A pretexto de ir buscar a filha ao aeroporto de Lisboa encetei uma viagem à antiga. Tendo tempo mais do que suficiente, optei por não dar a ganhar dinheiro à concessionária da A23 e experimentei as velhinhas IP2, EN’s e até uns caminhos agrícolas…
Gastar quinze litros e uns trocos em portagens para ir a Lisboa foi coisa que nunca me passou pela cabeça. Habituado ao luxo do “cruise control”, viajar para Lisboa, a 132 km/h (para dar o desconto do radar) é muitas vezes um aborrecimento, mas também um enorme descanso. As autoestradas reduzem imensamente o risco de uma colisão ou outro acidente qualquer. Viajo por lá sempre que levo a família. Mas desta vez ia sozinho e com imenso tempo. Por isso resolvi experimentar os cheiros e sabores de locais esquecidos pelas autoestradas.
A primeira impressão que tive foi a de que, cumprindo sempre os limites de velocidade, muito raramente fiz ultrapassagens. Outra foi que, a partir do túnel da Gardunha, há um mar de viaturas que praticam o que eu vou batizar de “portiquing”. O entra e sai dos troços ora grátis (sem pórtico), ora pagos. A N18 e os troços do IP2, não canibalizados pela A23, são ferozes concorrentes desta e os governos, por pura ganância ou estupidez, estão a perder milhões por mês em todas as ex-SCUT. Parece que todos os estudos que preconizam reduções entre 15 a 35% nas portagens destas vias projetam sempre ganhos relativamente à situação atual com um aumento significativo do tráfego. Inteligentemente este governo, se o deixarem, irá proceder, para já, a uma redução de 15%.

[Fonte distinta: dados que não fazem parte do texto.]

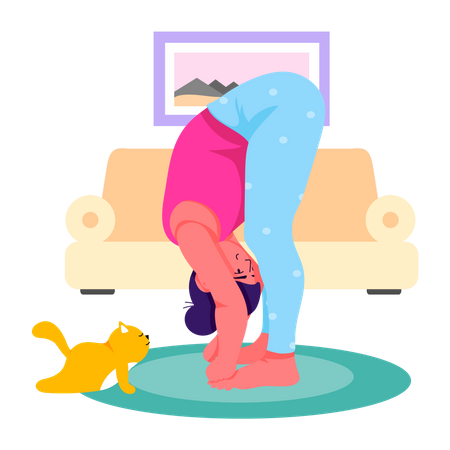 Girl doing Toe Pose  Illustration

Saí em Castelo Branco Norte. Daí, sempre pelo IP2, até à saída do Fratel, foi de borla. A 90 à hora passei devagar, após a barragem, por uma pachorrenta Renault com dois hippies, os quais foram meus companheiros de viagem, pelo retrovisor, até Ponte de Sor. O Alentejo está bonito nesta altura. A fome de água, que deu em fartura, transformou a paisagem e dá vontade de abrir o vidro para cheirar o campo. O computador de bordo indica 4.9L/100. A coisa promete poupança dupla. Após Sor, as longas retas que me levam a Montargil. Há muitos anos que não via esta albufeira a deitar pela boca. Até assusta ver a água a beijar as bermas da N2. Atalhei para o Couço por entre campos verdejantes. Este caminho agrícola, agora bem asfaltado, permite uma poupança de 12 km. São sete e meia, o que me vai salvar da loucura habitual da N251 até Coruche. Está quase deserta. Os arrozais do Sorraia vieram substituir os milharais graças à fartura que tem caído. O sol começa a baixar no horizonte e os Radiohead, que já me acompanham há alguns kms, ficam mesmo a matar como banda sonora. É a paz e o arrepio. Temos um país lindo, livre e pacificado. Viro para Coruche, para mais um atalho pela N114-3 até Salvaterra. Passo por um trator agrícola que vem da labuta e cumprimento o condutor. Sinto-me Zen. Mas, então, toca o telefone. “- Pai, já chegámos”. O quê? Mas ainda estou a 50 km! – pensei. “- Vão ter que esperar, vou demorar um bocadinho”. Acabou-se o modo Zen. Não gosto de fazer esperar. Acelero, sem exagerar. Entronco na N118 e viro, poucos km depois, na ponte de Benavente, para o segundo atalho do dia através dos intermináveis arrozais que me levarão ao cruzamento da antiga estalagem do Gado Bravo. Ali percebe-se porque é o Ribatejo que nos alimenta. É tudo muito mecanizado – extensivo e intensivo. Uma agricultura assim é de certeza, rentável. Passo a Marechal Carmona e sou “forçado” a entrar na A1. Aguardam-me. Dali ao aeroporto foi um fósforo. Cheguei sem cansaço algum.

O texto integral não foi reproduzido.